En second lieu, il faut noter que ce projet s'inscrit dans un système économique de concurrence entre les divers moyens de transport qui est tout à fait contradictoire avec la rhétorique officielle sur la complémentarité, compte tenu qu' aucune priorité politique n' a jamais été établie entre le rail , la route et la voie aérienne . Concurrence et complémentarité sont des termes antinomiques qui conduisent inévitablement au gaspillage de deniers publics comme d'espaces naturels.

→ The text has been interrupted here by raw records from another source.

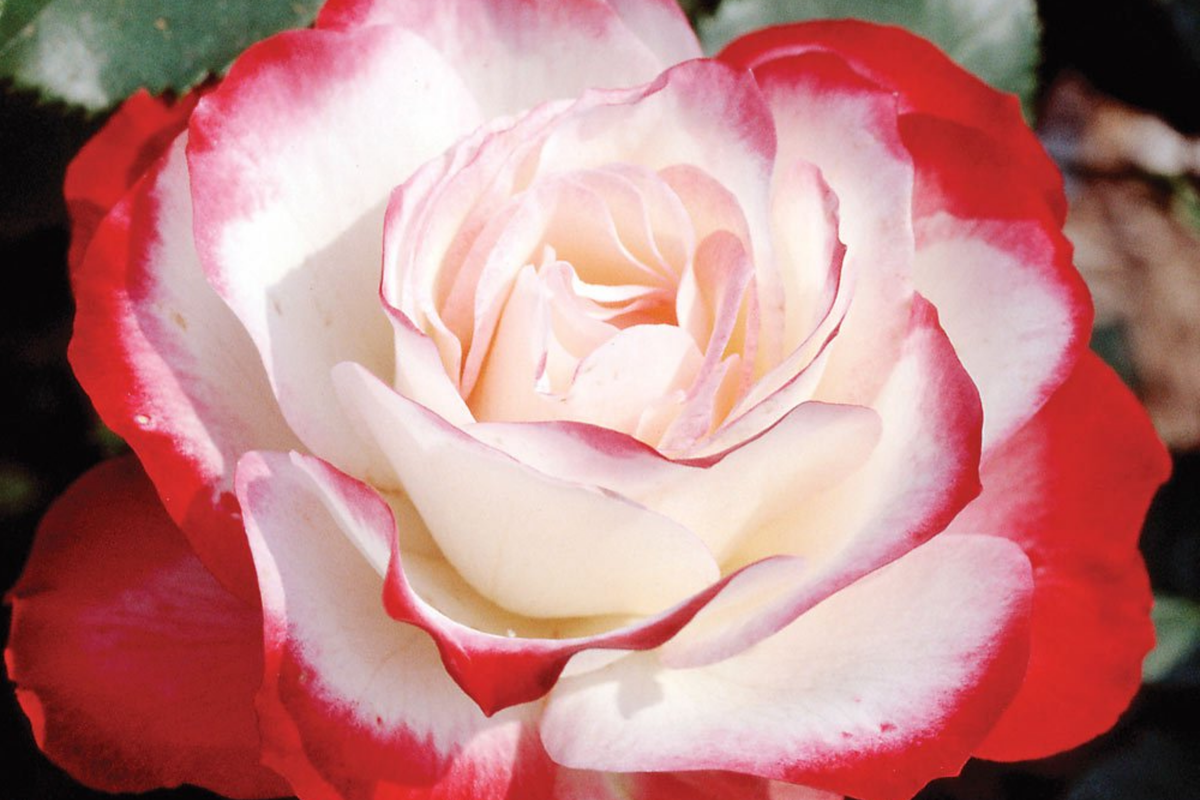 Cherry Parfait Rose (Rosa ‘MEIsponge’) – 1.5 Gal Starter Plant, Own-Root Grandiflora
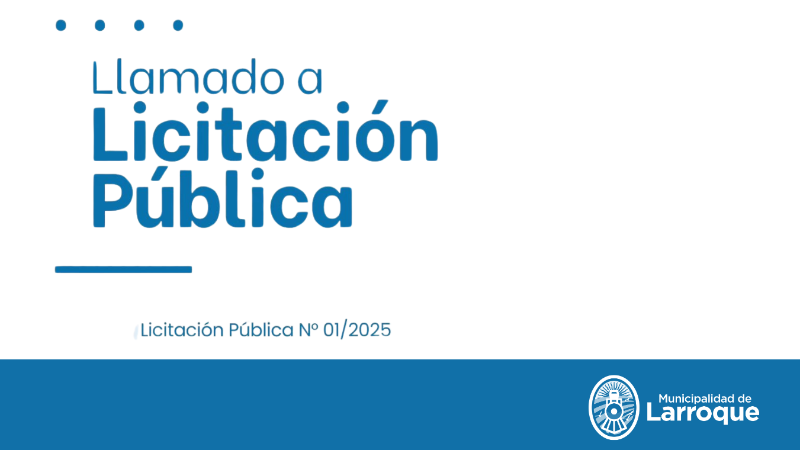LICITACIÓN PÚBLICA N.° 01/2025: VENTA DE BINES MUNICIPALES DESAFECTADOS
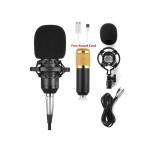 Professional Condenser Studio Microphone for Audio Recording - Gold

Notons à ce propos que l’explosion actuelle des prix du pétrole devrait rapidement rendre les transports aériens inabordables, ce qui obligera les cadres pressés à prendre le train.
Quant à l’argument selon lequel la LGV libèrerait la voie actuelle, par ailleurs aujourd’hui peu encombrée par le trafic ferroviaire, pour le transport de marchandise, rappelons que le fret est actuellement en voie d’abandon total au profit de la route sans que le gouvernement ne prenne aucune mesure de réorientation de la politique des transports dans ce domaine. De ce point de vue, les arguments développés par RFF dans sa plaquette auraient mérité plus de crédibilité.
Enfin, même si l’on accepte cette logique du toujours plus vite qui est la religion secrète de notre société, comme il semble difficile de tout faire à la fois, il paraît évident que la réalisation de la LGV Bordeaux/Espagne - qui pourrait tout à fait emprunter la voie existante où a été battu le record de vitesse en 1955 - est autrement urgente et rentable que cette bifurcation vers Toulouse qui ne présente aucun intérêt pour la Gironde et en particulier pour la région des Graves et du bazadais. Compte tenu de l’importance de l’investissement projeté, on aurait aimé qu’une partie modeste de cette masse financière soit plutôt consacrée à aider les agriculteurs et les PME en difficulté économique dans cette dernière région.